The Sandiganbayan has rejected a bid by state prosecutors to reverse the acquittal of one of the central figures in the botched, scandal-ridden $329-million national broadband network deal between a Chinese firm and the then administration of former President Gloria Macapagal-Arroyo.
In a four-page resolution, the antigraft court’s Special Fifth Division affirmed its Sept. 9 decision granting a petition by Romulo Neri, former National Economic and Development Authority (Neda) chair, to be acquitted of graft charges in connection with the National Broadband Network (NBN)-ZTE deal hatched during the Arroyo administration.
As Neda chair then, Neri had approved the deal which was canceled by Arroyo amid reports of tens of millions of dollars of payoffs given to Philippine government officials by ZTE, a Chinese telecommunications company, for the deal to push through.
Neri had testified at a Senate inquiry into the deal and said he had advised proponents of the broadband project to “moderate their greed.” He, however, refused to implicate Arroyo, who was said to have personally endorsed the project after a trip to ZTE headquarters in China.
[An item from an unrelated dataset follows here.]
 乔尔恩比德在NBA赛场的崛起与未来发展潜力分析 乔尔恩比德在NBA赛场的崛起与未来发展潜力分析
The Sandiganbayan resolution said the Ombudsman’s Office of the Special Prosecutor could have instead gone to the Supreme Court to file a petition for certiorari (judicial review) of the antigraft court’s ruling on Neri’s case and charged the Sandiganbayan with abuse of authority.
But, the Sandiganbayan division said, “no such abuse of discretion is being ascribed to the court by the prosecution in its motion as there is clearly none.”
The court also said the prosecution “raised no new substantial matters” to warrant a reversal of Neri’s acquittal.
Neri had been charged with graft for brokering and later approving the deal, which prosecutors failed to prove.
The Sandiganbayan division, however, said it had already been “amply shown” that Neri had no “direct or indirect financial or pecuniary interest” in the NBN-ZTE deal.
The Sept. 9 decision cited lack of evidence to show Neri had received a share in kickbacks given by ZTE to Philippine government officials, among them former Commission on Elections Chair Benjamin Abalos.
The court also junked what it said was “hearsay” testimony given by whistle-blower Rodolfo Lozada about a P200-million payoff to Neri as told to Lozada by Abalos.
The lack of proof that Neri actually got the money made Lozada’s testimony baseless, the court said.
The Fourth Division of the Sandiganbayan had dismissed in May the graft case against Abalos. The same division, in August, also ruled in favor of Arroyo’s bid to quash the graft case against her.